Paper ID: 168
Title: Hierarchical Variational Models

Review #1
=====
Summary of the paper (Summarize the main claims/contributions of the paper.): This paper proposes construction of variational distribution by using a hierarchical model such that the lower bound is tractable to compute but is more accurate. An addition lower bound is introduced to deal with hierarchy, and a tractable inference method is proposed by using ideas like normalizing flow and variance reduction methods.

Clarity - Justification: The paper reads well and is easy to understand, except one part: The section on optimizing HVMs, specially the part on local learning with r is a bit confusing. The problem and solutions in that section are unclear. I think it will be great to add a running example, so that the reader can understand why the third term in Eq. 8 is difficult and how Eq 9 is solving the issue.

Significance - Justification: The problem is very relevant. For variational inference to be useful in practice, q should be allowed to be complex without increasing the complexity of the inference. This paper is addressing this problem which is a significant problem.  The ideas presented in the paper are also good ideas and are significance, but the experiments are lacking.

Detailed comments. (Explain the basis for your ratings while providing constructive feedback.): The authors have used the ideas from latent variable model to put a prior distribution on the variational parameters, which is a good idea and might be useful.  One issue is with clarity of how general the proposed inference method is, and when is it supposed to work well (e.g. high variance problem).  Another issue is that the results are limited and are not conclusive.  Please comment on the above two issues.

=====

Review #2
=====
Summary of the paper (Summarize the main claims/contributions of the paper.): This paper presents hierarchical variational models to address the "independence" drawback of mean-field approximations.
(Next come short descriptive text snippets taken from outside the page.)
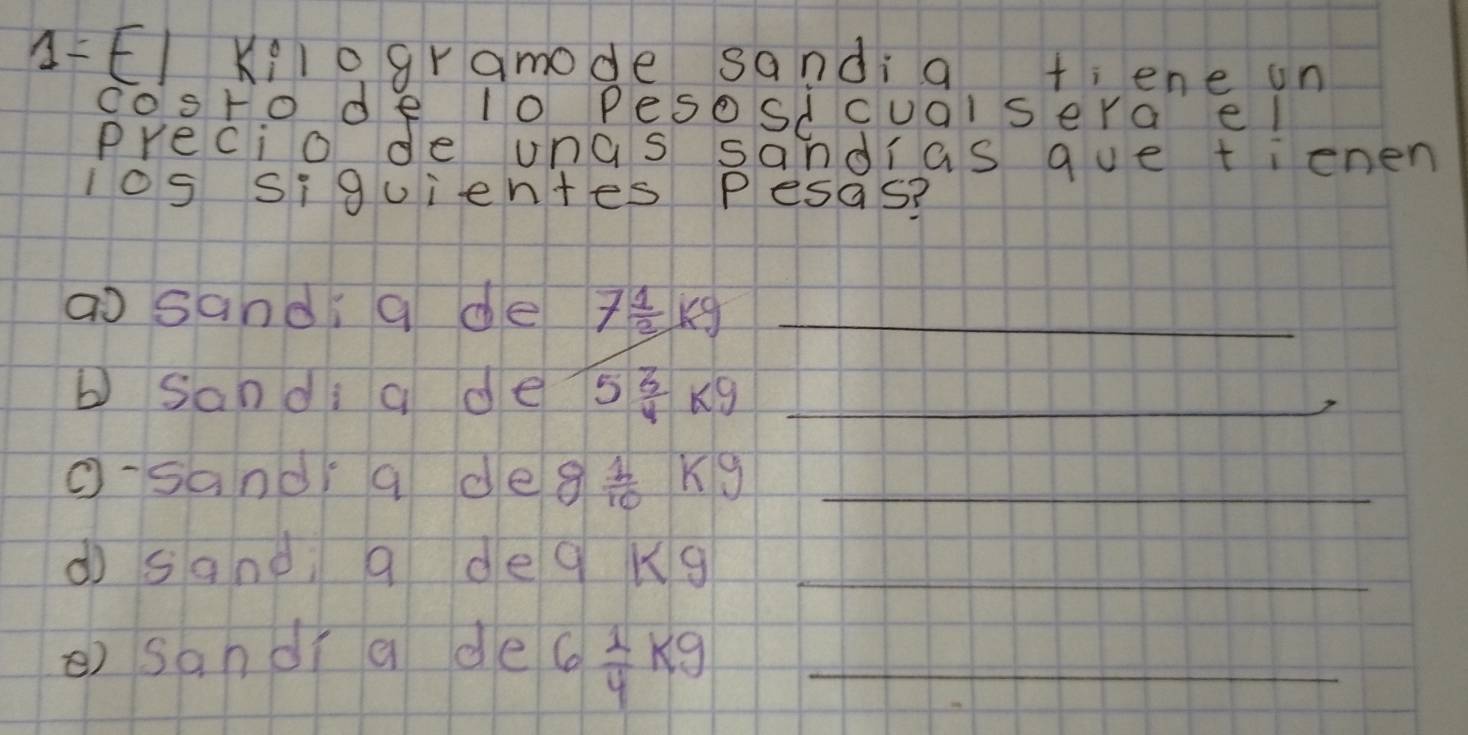 A-EI Kilogramode sandi a t; ene on 
co'sto de l0 Pesosdcualsera el 
Precio de unas sandias que tienen 
los siquientes Pesas? 
ao sand a de 7 1/2 kg _ 
b Sandi a de 5 3/4 kg _ 
O-sand a de 8 1/10 kg _ 
dì sane a deq Kg_ 
) sandr a de 6 1/4 kg _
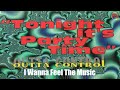 Outta Control - I Wanna Feel The Music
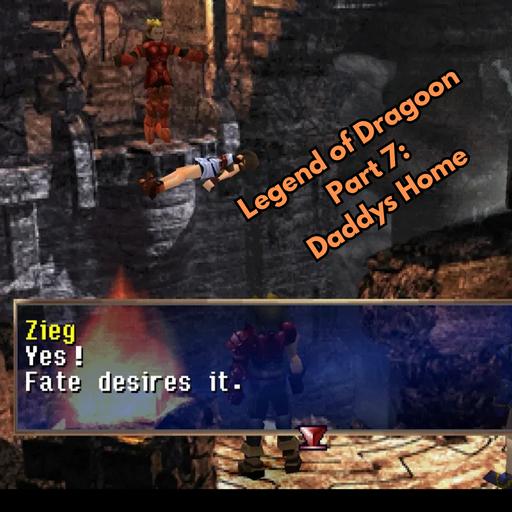 Legend of Dragoon Part 7: Daddy's Home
This new model can capture posterior dependencies between latent variables.

Clarity - Justification: In general this paper is very well written. 

Significance - Justification: Variational inference is an important area in machine learning and the dominant mean-field family models each latent variable independently. The ability to capture posterior dependencies between latent variables is quite useful.

Detailed comments. (Explain the basis for your ratings while providing constructive feedback.): This paper is generally well motivated and well written. My main concern is that the experiments on real data is too simplistic (text perplexity). I would suggest some more challenging tasks and a variety of different tasks.

=====

Review #3
=====
Summary of the paper (Summarize the main claims/contributions of the paper.): This paper uses the auxiliary variable technique in the inference model to create richer posteriors for blackbox/reparametrized variational inference in complex generative models. 

Clarity - Justification: I have no major comment regarding clarity. The writing is excellent and the paper is easy to follow.  Minor qualms:  * space allowing, more investigation on the numerical experiments would have been welcome. We find out that multi-layer stochastic models improve a lot on science but not on nytimes. An attempt at explaining that behavior would have been interesting. * I would have used different notation for the for the source of randomness behind the reparametrization of z and \lambda (they are both denoted \epsilon). 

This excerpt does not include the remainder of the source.